A Thinking Reed

"Man is but a reed, the most feeble thing in nature, but he is a thinking reed" – Blaise Pascal

The end of the world as we know it (3)

(See here and here for previous posts.)

The third part of The God of Hope and the End of the World is Polkinghorne’s attempt to construct a positive theological vision out of biblical insights, but one informed by what scientific cosmology tells us about the nature and destiny of the universe. The resurrection of Jesus, in its illustration of the principle of continuity/discontinuity, provides the key to understanding the future of the cosmos as a whole. Polkinghorne takes seriously the biblical promises that God will redeem the entire creation, not just human beings. He envisions a transmutation of the material cosmos into a new cosmos that parallels the transmutation of Jesus’ dead body into his glorified raised body (Polkinghorne suggests that part of the significance of the empty tomb is to be found here; matter is not to be discarded, but taken up into something new).

Eschatology is concerned with hope. What can we hope for in a world in which it appears that human aspirations, both individual and collective, are destined for ultimate defeat? “Hope,” says Polkinghorne

is the negation both of Promethean presumption, which supposes that fulfillment is always potentially there, ready for human grasping, and also of despair, which supposes that there will never be fulfilment, but only a succession of broken dreams. Hope is quite distinct also from a utopian myth of progress, which privileges the future over the past, seeing the ills and frustrations of earlier generations as being no more than necessary stepping stones to better things in prospect. (p. 94)

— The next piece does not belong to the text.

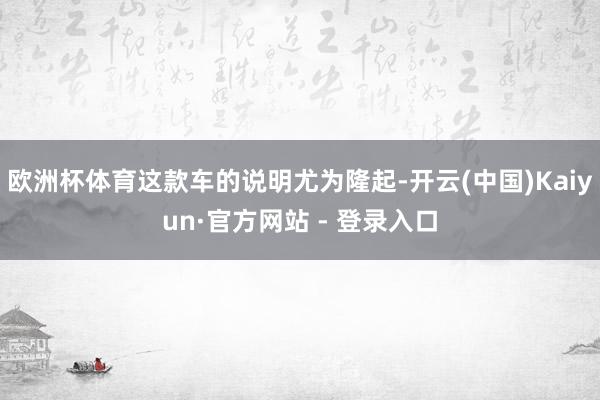 欧洲杯体育这款车的说明尤为隆起-开云(中国)Kaiyun·官方网站 - 登录入口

But what is hope’s positive content? It’s the conviction that “all the generations of history must attain their ultimate and individual meaning” (p. 94). But the only thing that can guarantee this kind of meaning is “the eternal faithfulness of the God who is the Creator and Redeemer of history” (p. 94). Polkinghorne says that a “thick” eschatology requires an equally “thick” theology and Christology. “To sustain true hope it must be possible to speak of a God who is powerful and active, not simply holding creation in being but also interacting with its history, the one who ‘gives life to the dead and calls into existence the things that do not exist’ (Romans 4:17)” (p. 95).

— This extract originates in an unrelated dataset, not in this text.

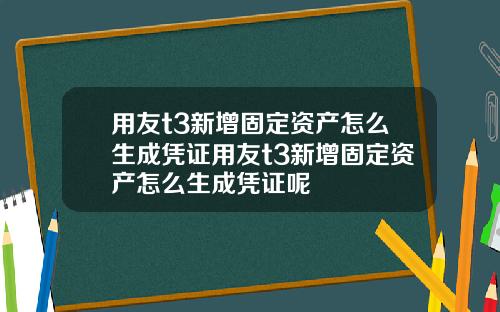 用友t3新增固定资产怎么生成凭证用友t3新增固定资产怎么生成凭证呢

This is a robust, “supernaturalist” eschatology, wherein God will act to bring about a new creation that will supplant the old. Polkinghorne’s background as a physicist may give him a more cosmic perspective here. Theologians frequently seem to reduce eschatology to concerns with human destiny, sometimes even to political aspirations. Polkinghorne distinguishes his view from a fully “realized” eschatology that doesn’t privilege the future over the present (a view he attributes to Kathryn Tanner; I’m not sure if this is right since I find Tanner pretty obscure on that point), as well as from the concept of “objective immortality” favored by some process theologians. Both of these options condemn the lives of countless beings to permanent incompleteness. “Actual eschatological fulfilment demands for each of us a completion that can be attained only if we have a continuing and developing personal relationship with God post mortem” (p. 100).

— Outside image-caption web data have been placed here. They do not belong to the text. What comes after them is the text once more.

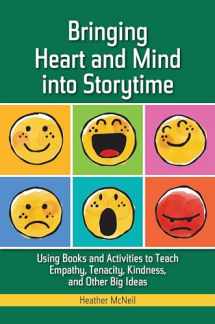 9781440877179-1440877173-Bringing Heart and Mind into Storytime: Using Books and Activities to Teach Empathy, Tenacity, Kindness, and Other Big Ideas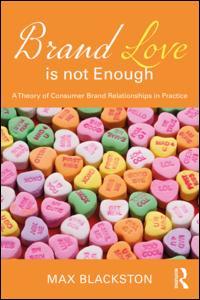 Cover of the book Brand Love is not Enough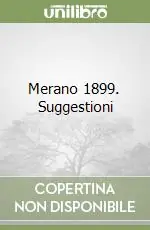 Merano 1899. Suggestioni Nuovo Arrivo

Polkinghorne thus stakes out a position between a fully “realized” eschatology and a strictly “futurist” one which he calls an “inagurated eschatology.” The pledge of God’s future victory of sin, death, and suffering has been given in the resurrection of Jesus, but the final consummation is still in the future. We can to some extent participate in that future now by being incorporated into Christ’s body through his church and the sacraments. Ethically, this means that follow the way of the crucified and risen one, even though we can’t see exactly where that way is leading us. But we can be assured that “our strivings for the attainment of good within the course of present history are never wasted but will bear everlasting fruit” (p. 102).